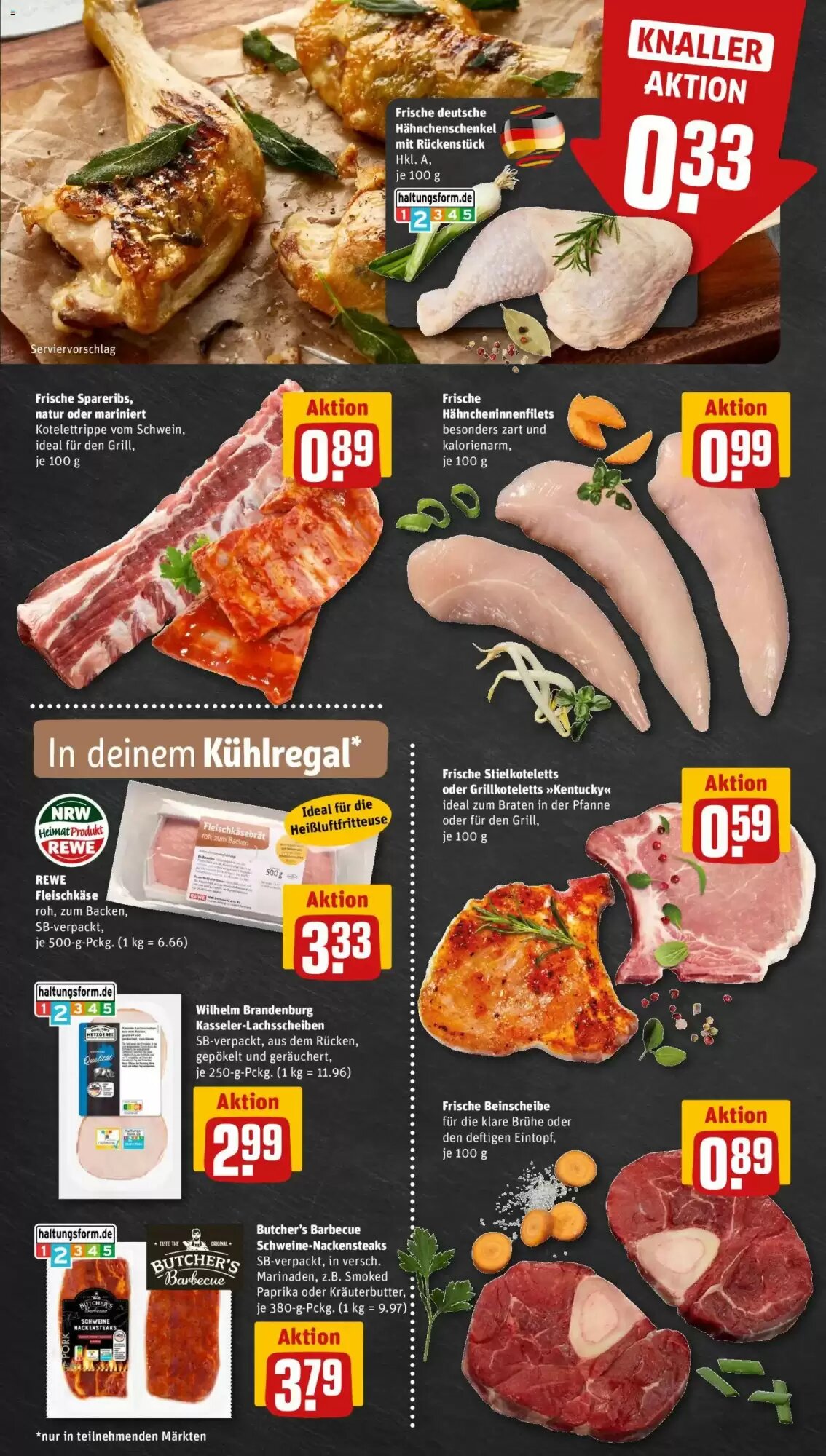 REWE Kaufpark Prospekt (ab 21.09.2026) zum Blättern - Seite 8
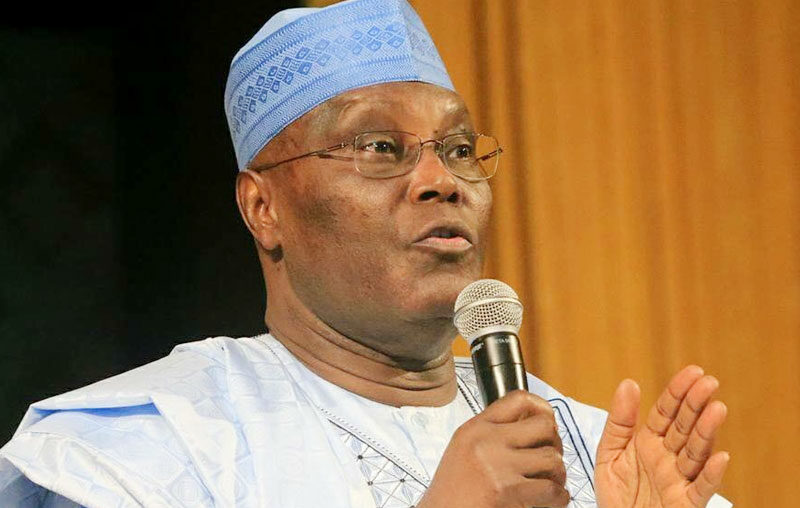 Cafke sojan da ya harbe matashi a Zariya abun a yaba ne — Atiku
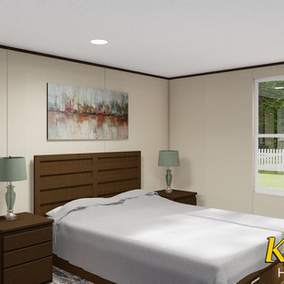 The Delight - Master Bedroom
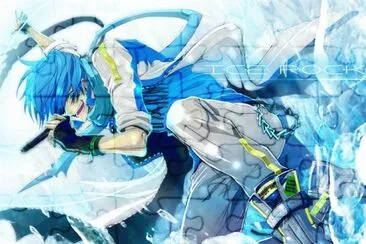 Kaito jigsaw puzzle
----------------
§ **Instructions to follow**
Copy out the listing word for word and skip its pictures.

§ **Written response**
 REWE Kaufpark Prospekt (ab 21.09.2026) zum Blättern - Seite 8
 Cafke sojan da ya harbe matashi a Zariya abun a yaba ne — Atiku
 The Delight - Master Bedroom
 Kaito jigsaw puzzle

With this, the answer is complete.